You can solve this with painstaking design and coding, but you shouldn't need to. Your BI platform, if well-designed for mobile, ought to handle these scenarios generically. No dashboard designer should be forced to handle the complexities of multiformat design.
For example, a mobile BI platform should intelligently scale charts appropriately at any size. A scatterplot may show many data points at a high resolution. At a low resolution, the platform could algorithmically determine the optimal key points to show, still revealing the pattern and range of the data. However, at any size, the user should be able to zoom and select and interact with the chart to see their information from a different "viewpoint" to gain a yet more complete understanding.
Working with a responsive and exploratory design, old certainties about information design start to change. Personally, I find it painful to see a traditional pie chart with many segments and complex labels. What a horrible way to show useful data! However, if you can enlarge or shrink the pie to suit your format, and spin the chart around its center to bring different segments to the top, all the while showing only the labels most relevant to the current view ... now the pie chart feels more usable and interesting and informative.
3. Speedy discovery
That's why a mobile BI platform demands great performance on the client. At least use CSS media queries to restrict the visualization and design features that will be appropriate and available for the client in use. And look to complement that responsive approach by building with a framework such as AngularJS. The two-way data binding makes it easy to listen for screen resizes to determine what kind of elements you would like to load efficiently. If you find that this complicates working with the code, use a CSS pre-compressor (such as LESS.js) and compile everything to single file.

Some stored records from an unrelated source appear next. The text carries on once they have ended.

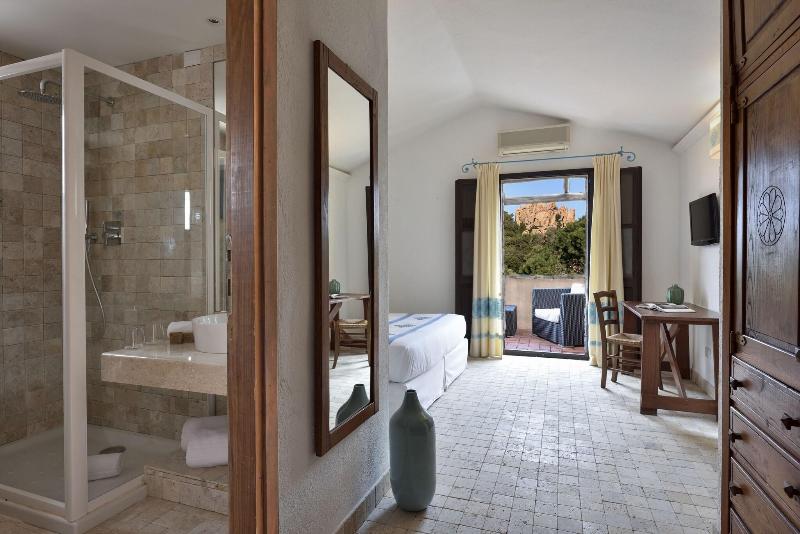 Borgo Cala Moresca At Arbatax Resort image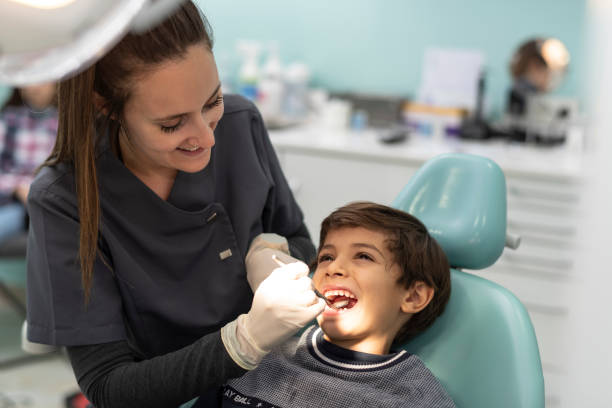 Best Emergency Dental Care for Broken or Chipped Teeth in La Croft, OH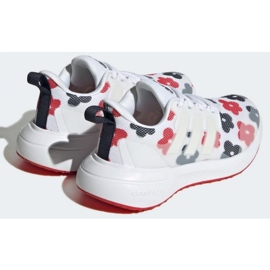 Scarpe Adidas FortaRun 2.0 GZ9758 bianco 1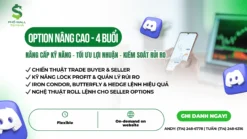 Option Nâng Cao - 4 buổi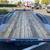 10,000 GVWR Drive Over Fender Flatbed Rockcrawler Trailer! 4 thumbnail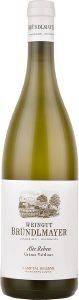  GRUNER VELTLINER ALTE REBEN WEINGUT BRUNDLMAYER 2016  750 ML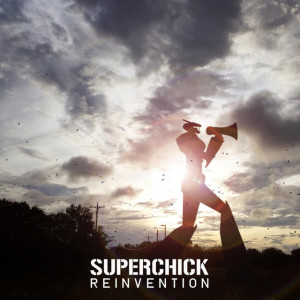 Reinvention, альбом Superchic[k]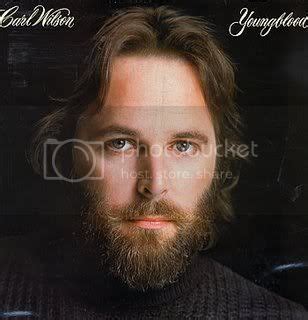 Warnakey's Beach Boys Blog: Carl Wilson Solo Albums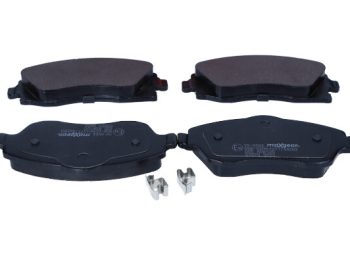 Bremžu uzlikas priekšējās OPEL COMBO TOUR, COMBO/MINIVAN, CORSA C, CORSA C/HATCHBACK, MERIVA A, TIGRA Maxgear 19-0566 (FDB1424)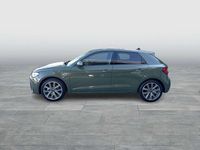 gebraucht Audi A1 30 TFSI intense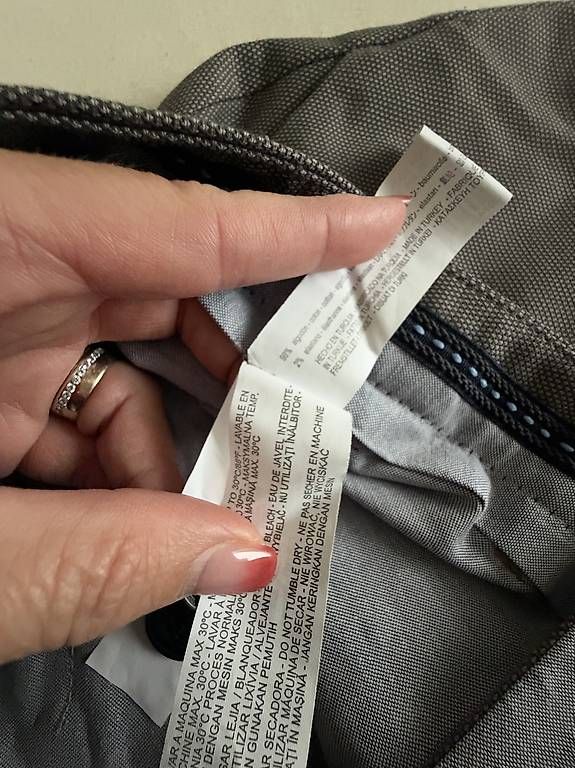 Pantalons: Zara Man Gr. 42 – D'occasion à Cham par selinjoe 1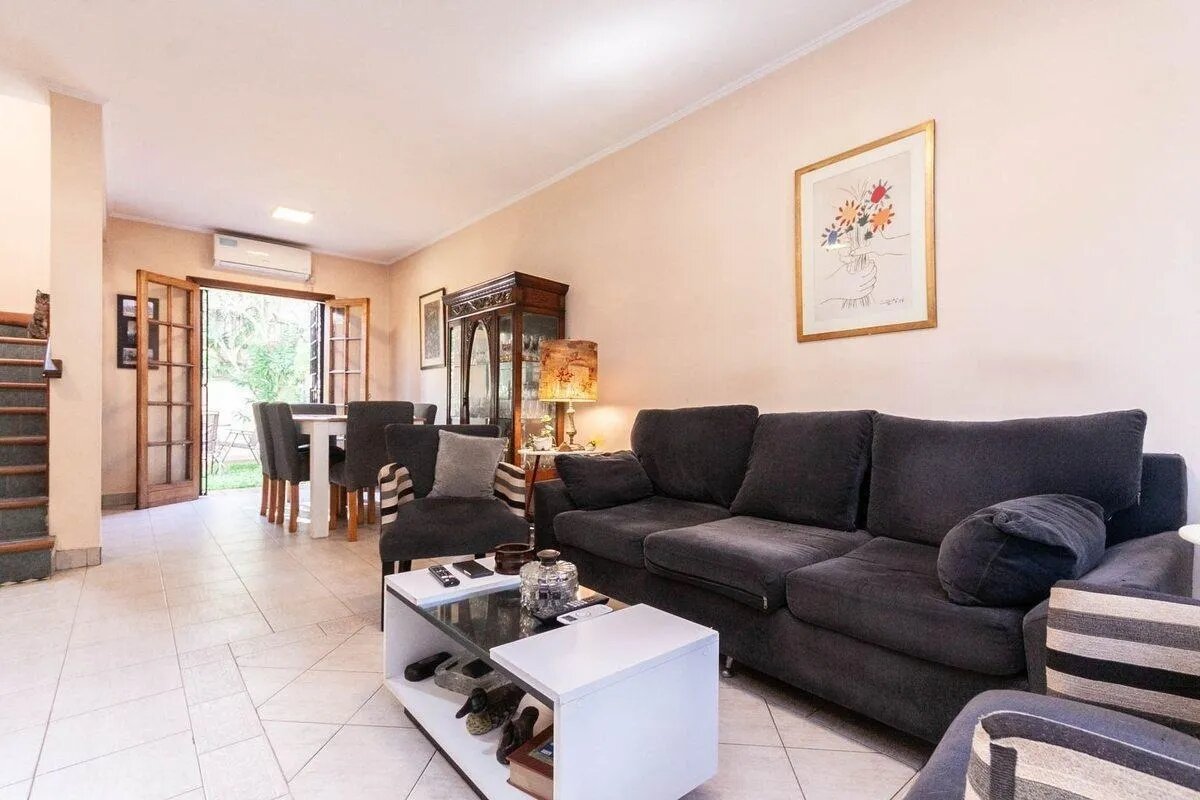 Casa 5 Ambientes En Venta En Adrogue Apto Crédito - 11
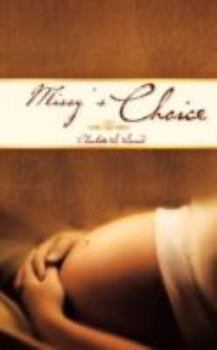 Paperback Missy's Choice Book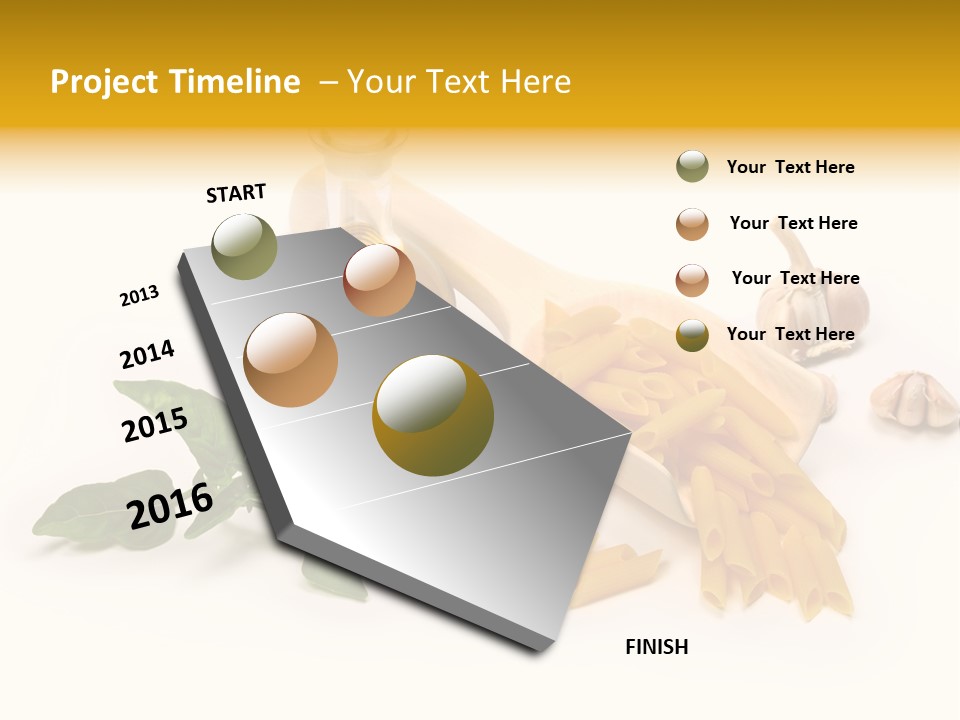 Cooking Cuisine Culinary PowerPoint Template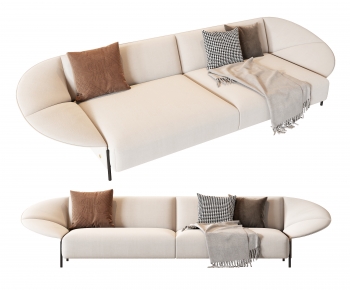 Modern A Sofa For Two-ID:471193083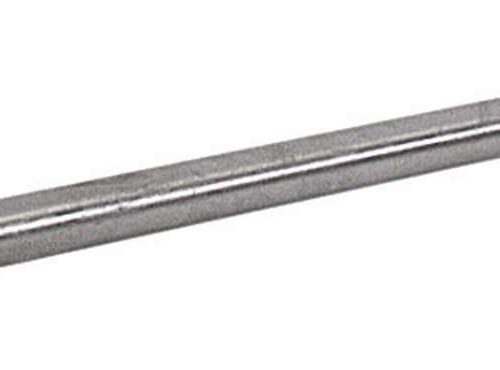 Axle 31 Spl 36.0 Solid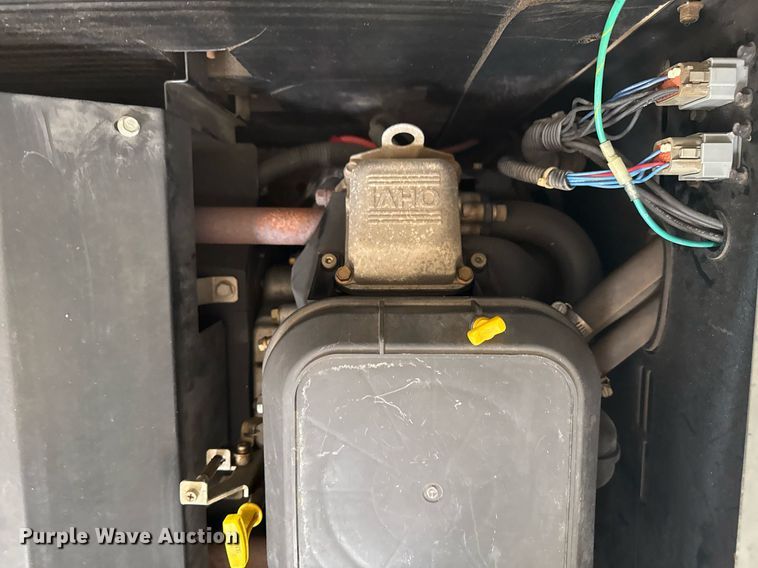 image for item EG8013 Generac generator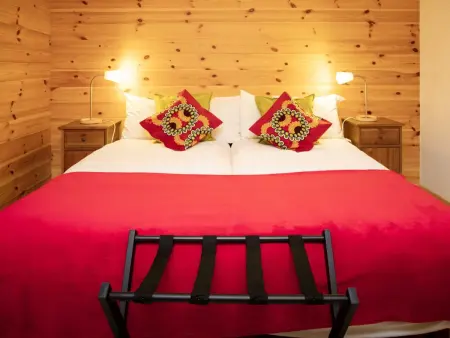 Ambre 1, Appartement 6 personnes à Villars - Photo 14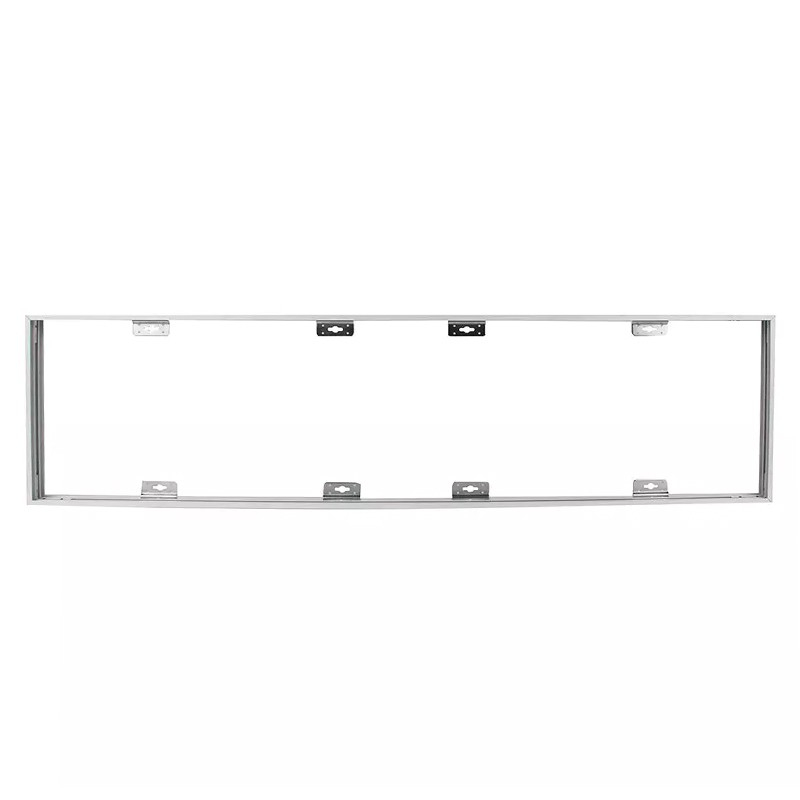 RAMA PENTRU PANOU LED 120 X 30CM [2]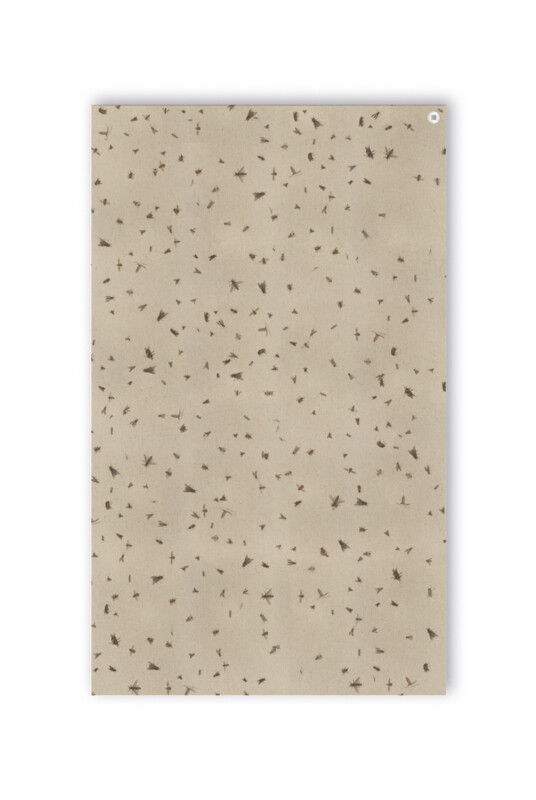 HONEY OFF-WHITE TABLECLOTH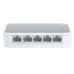 Сетевой коммутатор TP-LINK TL-SF1005D 5x 100 Мбит/с, белый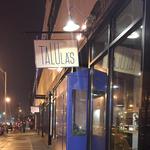 Talula's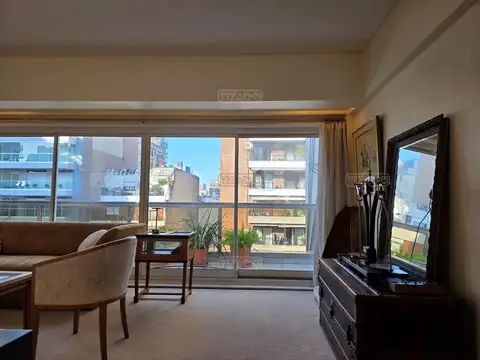 Departamento en Venta con 2 cocheras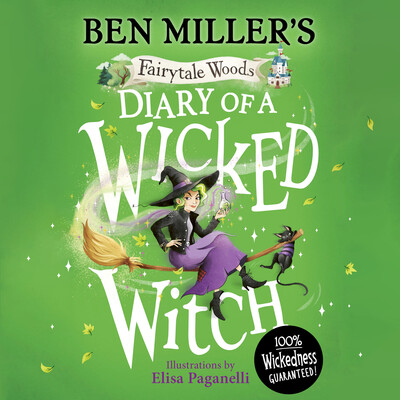 Diary of a Wicked Witch Diary of a Wicked Witch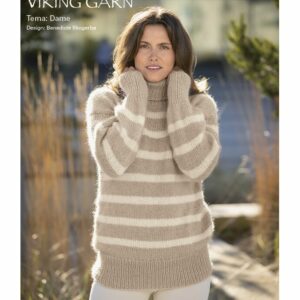 Viking Garn Katalog 2312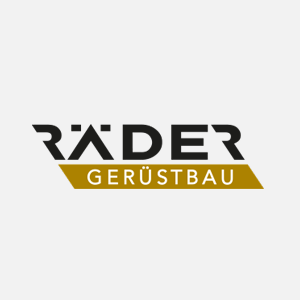 Logo Räder Gerüstbau GmbH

There's another facet of user behavior that may help to squeeze performance from an analytic client. Users following "information scent" mostly make selections that narrow the scope of the data they are looking at, only occasionally moving to a new or broader scope. Looking at U.S. sales, you most likely "drill down" to consider sales in, say, Texas rather than jumping to look at European sales. So caching data on the client can be quite practical, especially if you use JSONPatch to update the array when needed.
The same tendency to start from a higher level and drill down can speed up visualizations using paging. You rarely need to plot 1 million data points, even when rendering a complex data set. The algorithmic approach that enables you to scale visualizations can be used to optimize performance. You may show only key points at first and page in more data as needed when the user selects to explore further.
A natural approach to analytics
As you can see, mobile BI requires that you think beyond mobility. A good mobile analytic platform is fast and facilitates an interactive experience that is responsive and touch-enabled.
These practices not only enable, but encourage exploration. We are compelled by natural curiosity. As we follow it, we make discoveries and form new insights and new understanding.
This is only natural. In business we can only spend so much time at our desks. That's why we get out into the real world, we go on the road, we walk round the store or warehouse or factory floor in order to see what's new. Mobile analytics should go with us -- and work with us the way we need it to work.